▶ **YOUR ASSIGNMENT**
The task calls for the lines below from the line with "Sleek Red Ferrari" to the line with "Tecnología de fundición", both ends included, copied exactly, without any pictures.

▶ **RECORDS**
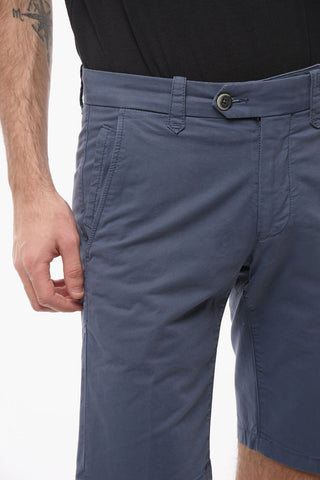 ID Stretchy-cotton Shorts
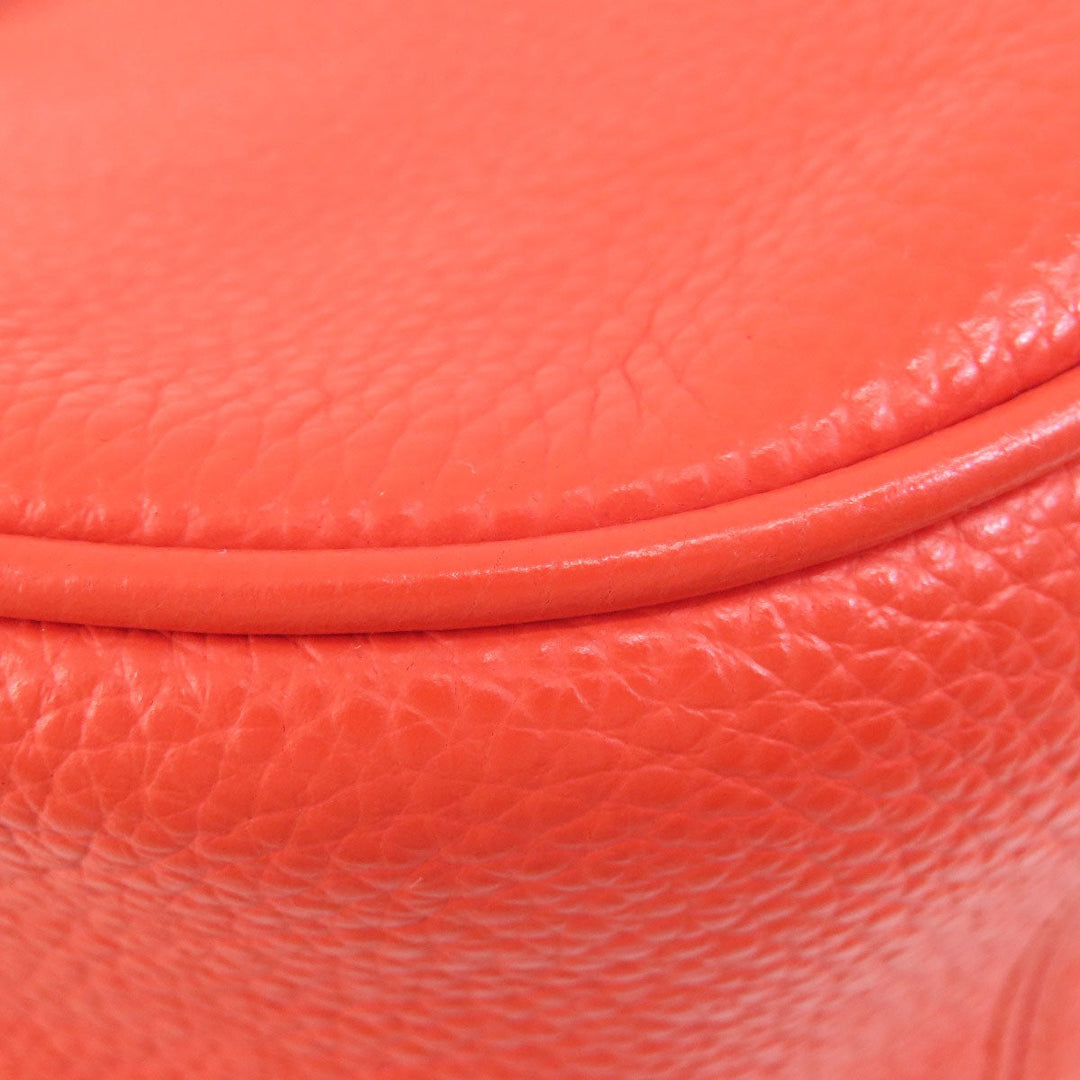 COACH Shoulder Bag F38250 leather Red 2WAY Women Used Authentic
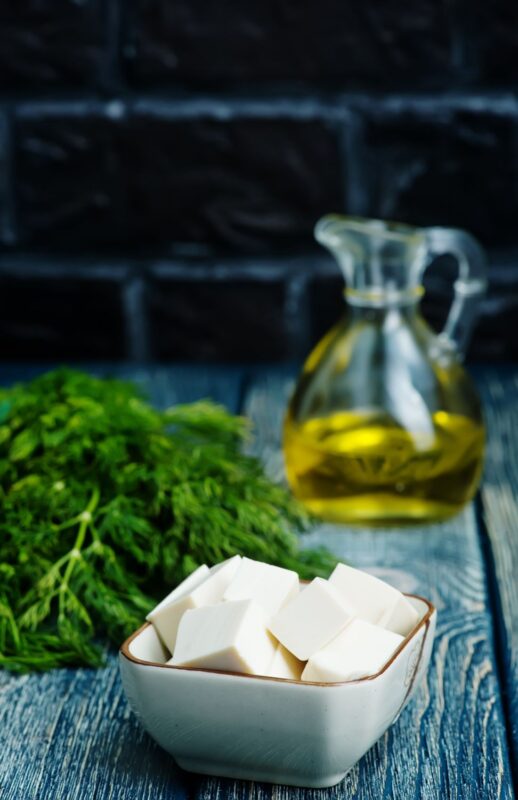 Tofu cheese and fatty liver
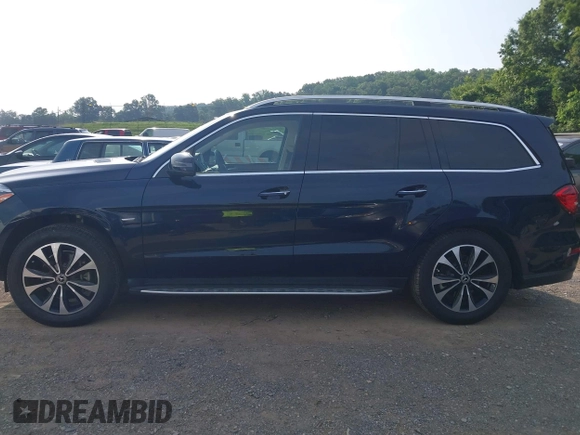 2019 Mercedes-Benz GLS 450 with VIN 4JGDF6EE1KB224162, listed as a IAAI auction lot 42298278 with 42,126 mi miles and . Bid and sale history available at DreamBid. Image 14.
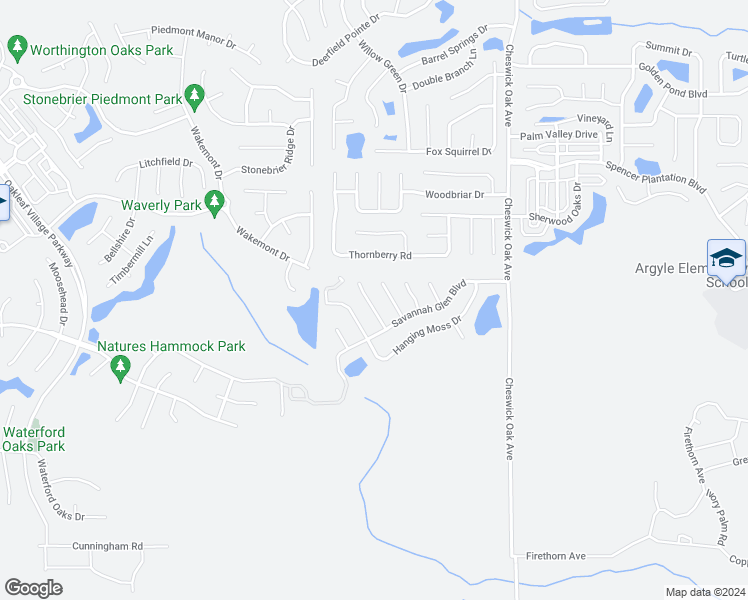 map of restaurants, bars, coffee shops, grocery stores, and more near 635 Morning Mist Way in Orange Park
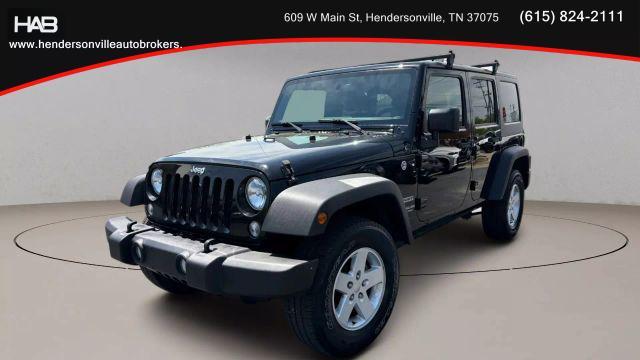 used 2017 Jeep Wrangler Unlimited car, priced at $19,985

---

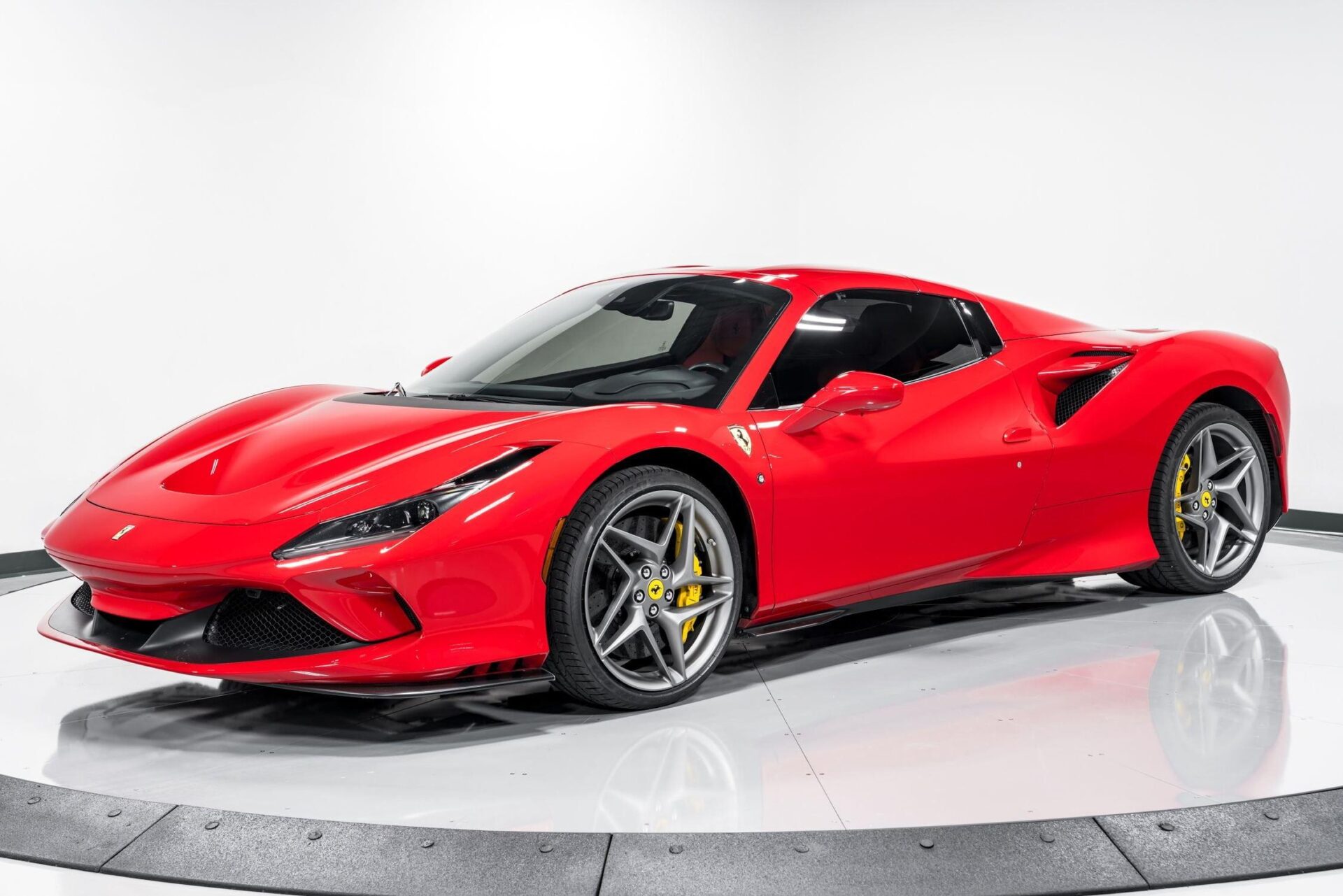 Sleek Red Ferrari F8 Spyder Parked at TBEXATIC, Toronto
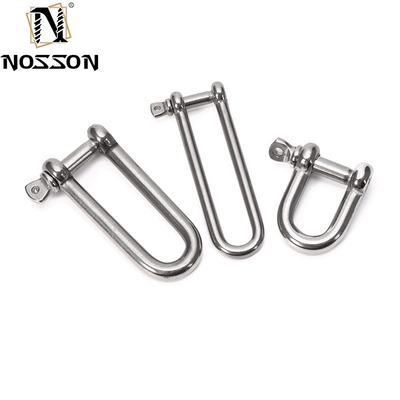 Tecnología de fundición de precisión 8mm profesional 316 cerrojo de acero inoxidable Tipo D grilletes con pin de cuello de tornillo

--

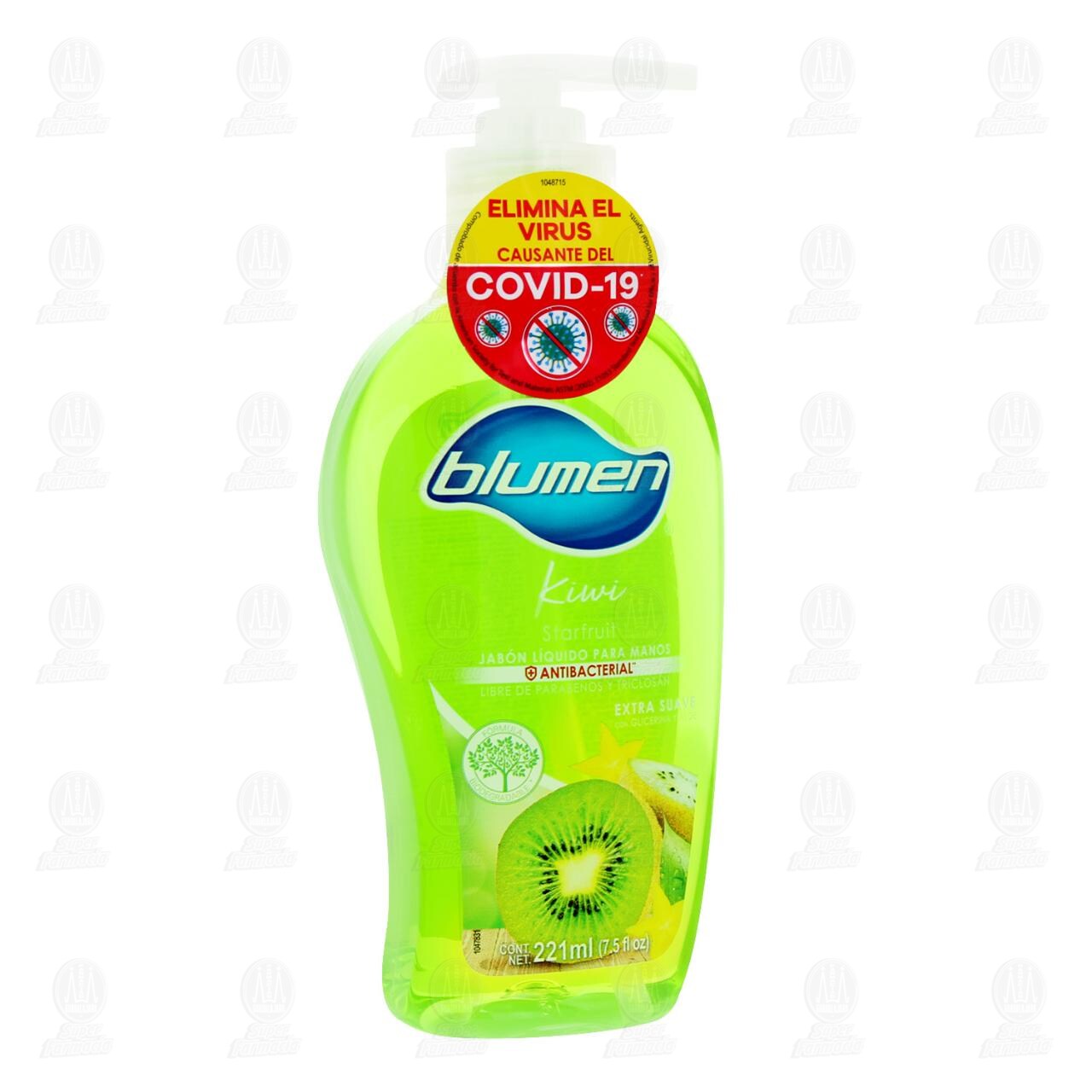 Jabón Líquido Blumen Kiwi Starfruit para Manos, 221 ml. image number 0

▶ **WRITTEN RESPONSE**
 Sleek Red Ferrari F8 Spyder Parked at TBEXATIC, Toronto
 Tecnología de fundición de precisión 8mm profesional 316 cerrojo de acero inoxidable Tipo D grilletes con pin de cuello de tornillo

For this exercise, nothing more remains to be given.